A logical step here would be to enumerate the possible Teds that we
might encounter (or at least try to describe the spectrum of Teds and
what dimensions that spectrum can be defined by), and then map a given
anonymous publishing design (eg Freenet, Free Haven) to `the nearest Ted'.

Thus if we can convince ourselves that a given anonymous publishing
design is in some sense `equivalent' to a Ted with certain privacy
characteristics, then we can more easily reason about the level of
protection provided by that design (by reasoning instead about Ted).

More formally, for each message M_i which Alice_i sends, it has some
probability distribution D_i which describes the chance of each Bob being
the recipient of the message. If we can replace Ted with a decentralized
system which provides an indistinguishable probability distribution
forall D_i forall M_i forall i [Am I being too strict?  Perhaps there's
just a subset that we care about?], then we have defined an equivalent
Ted. This may give us an easier way to differentiate between the level
of anonymity provided by various projects, because comparing Teds is
easier and more intuitive than trying to reason about the effects of
trading or caching issues directly.

Issues and questions:
* Note that the Alices and Bobs can overlap. I don't think this is a
* The notion of the distribution D_i can describe multiple recipients
  for a given message, yes? Is that a good enough model? Do there exist
  people who are actually capable of proving probability distributions
  equivalent? Because I'm not one of them...
* Do any other communications channel projects (eg crowds, mixnet, etc)
  use this probability distribution notion in their analysis? Can we
  coordinate with them to at least use their notation, and maybe also
  build off their work?

We might want to complicate the notions from protecting the privacy of
a single message transiting the system to protecting the privacy of a
group of messages coming from a group of Alices and going to a group of
Bobs. That is more realistic, since we can take advantage of quantity
to possibly foil some traffic analysis.

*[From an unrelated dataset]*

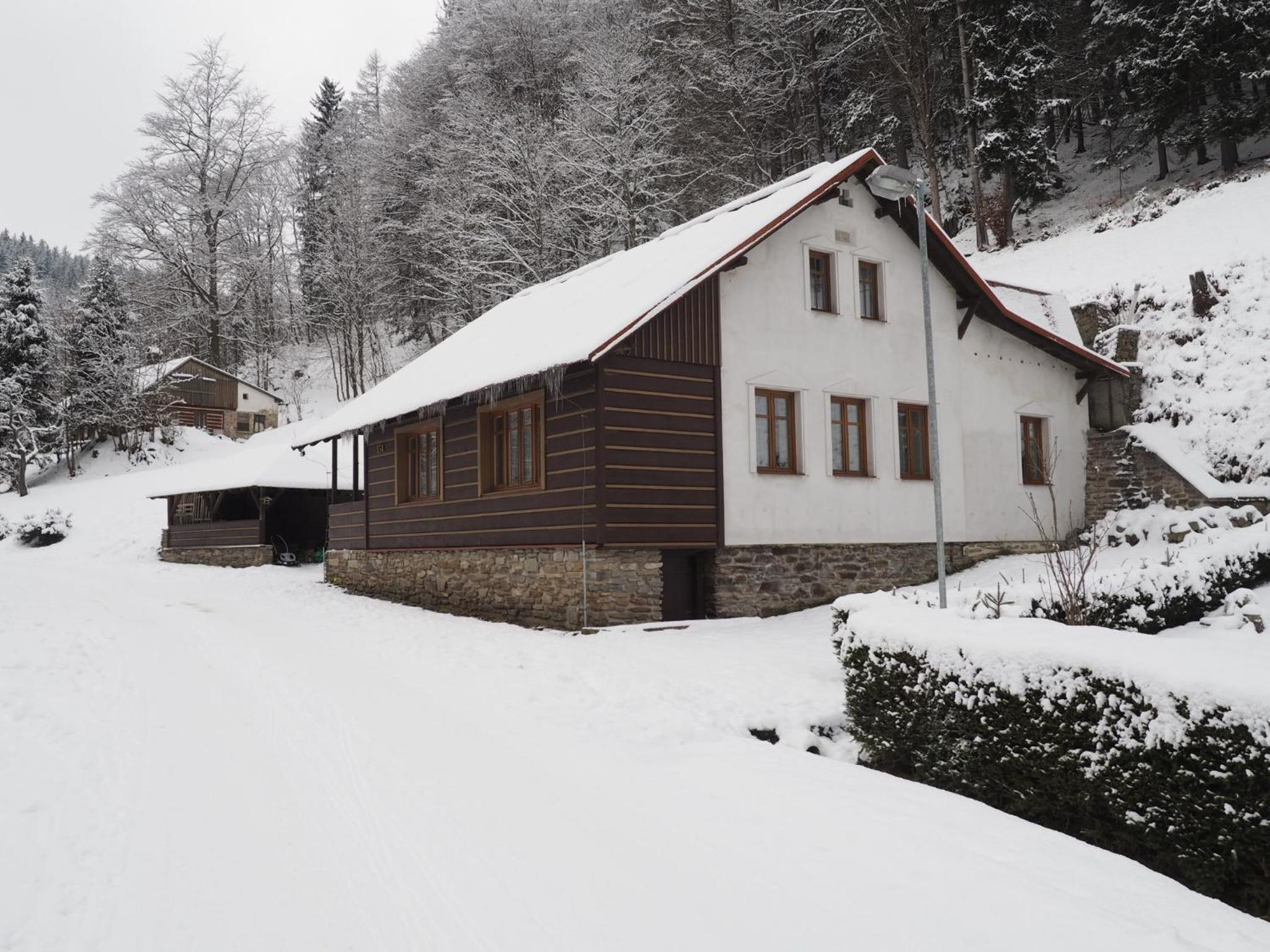 Chalupa Tomášek v blízkosti ski areálu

How much does this complicate
the analysis, and how necessary is it to move from the single message
paradigm to the group paradigm? It seems intuitive to me that requiring
a Ted that can protect a single message is somehow overkill if in actual
operation there will always be groups.

Comments appreciated. This is still far from mature. I spoke with David
about a lot of this stuff on Thursday, and he has lots of comments.